「もう10年以上悩まされています。家や職場で落ち着いて座り続けられません。通勤時に電車の座席に座っても、時々お尻を浮かせたり、一度立ち上がって座り直したりするので、周りから怪しい目で見られます」(46才・会社員)
「学生時代から切れ痔です。症状が軽い時はトイレットペーパーに少し血がつく程度ですが、ひどいときは便器が血で真っ赤に染まり、用を足した後も激痛でしばらく立ち上がれなくなります。リビングにも車にも痔用の円座クッションは欠かせません。旅行時も携帯用を持っていきます」(52才・主婦)

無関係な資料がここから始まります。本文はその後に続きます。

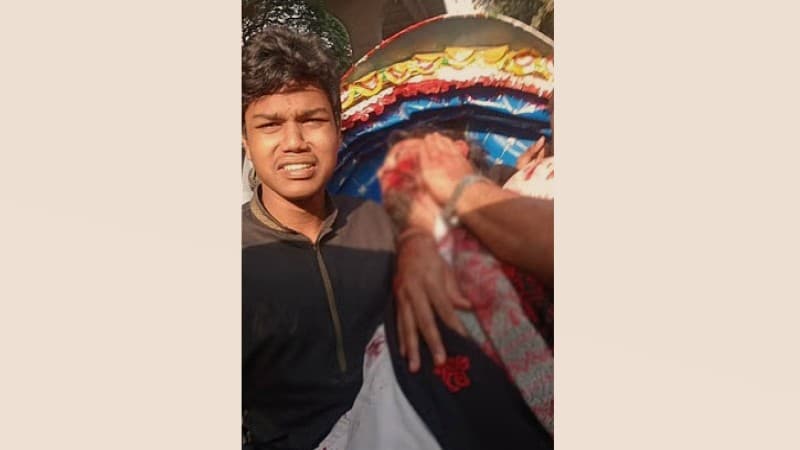 মাথায় বুলেট, লাইফ সাপোর্টে হাদি: ঢামেক পরিচালক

「硬めの便が出た後はイボがプクッと外に出てきてしまう。それを綿棒で内側にしまわなければなりません。だからうちのトイレには綿棒が常備してあります」(44才・主婦)
日本人の3人に1人が痔といわれている。恥ずかしさもあってか、症状や予防法についてきちんと知識を持っている人は少ない。そもそも痔とは肛門の病気の総称。うち三大疾患と呼ばれるのが「痔核(イボ痔)」、「裂肛(切れ痔)」、「痔ろう(あな痔)」だ。最も多いのは痔核で、痔の患者の6割を占める。

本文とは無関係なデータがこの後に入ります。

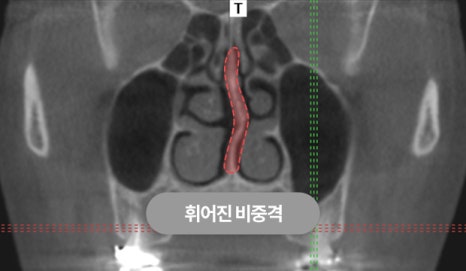 휜코 교정, 개인별 원인 분석이 중요한 이유 관련 이미지 7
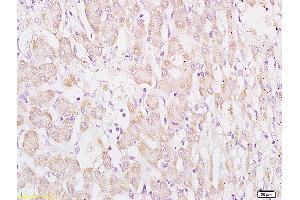 Formalin-fixed and paraffin embedded human hepatocellular carcinoma labeled with Anti WDR16 Polyclonal Antibody, Unconjugated (ABIN720865) at 1:200 followed by conjugation to the secondary antibody and DAB staining (WDR16 anticorps  (AA 401-500))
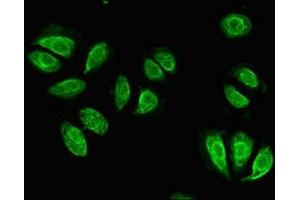 Immunofluorescent analysis of A549 cells using ABIN7156486 at dilution of 1:100 and Alexa Fluor 488-congugated AffiniPure Goat Anti-Rabbit IgG(H+L)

「痔核と裂肛は便秘が主な原因です。ですから便秘がちな女性のほうが男性よりもなりやすい。当院の患者さんの7割は女性のかたです。また慢性の下痢も肛門の炎症を起こすので痔の原因になります」(平田肛門科医院・平田雅彦院長)
さらに妊娠によって「痔持ち」になるケースもある。
「妊娠中は子宮が大きくなり、直腸が圧迫されるため、肛門周辺の静脈がうっ血しやすくなります。また出産時は強くいきむので肛門に負担がかかります。出産後に痔になった女性のかたは少なくありません」(平田院長)
男性に多いという痔ろうはストレスや疲労で免疫力が落ちた時になりやすい。
「近年は女性の社会進出などで、ストレス過多の人が増加し、女性の患者さんも増えてきています」(平田院長)
つまり、年々痔持ちの女性がますます増えてきているのだ。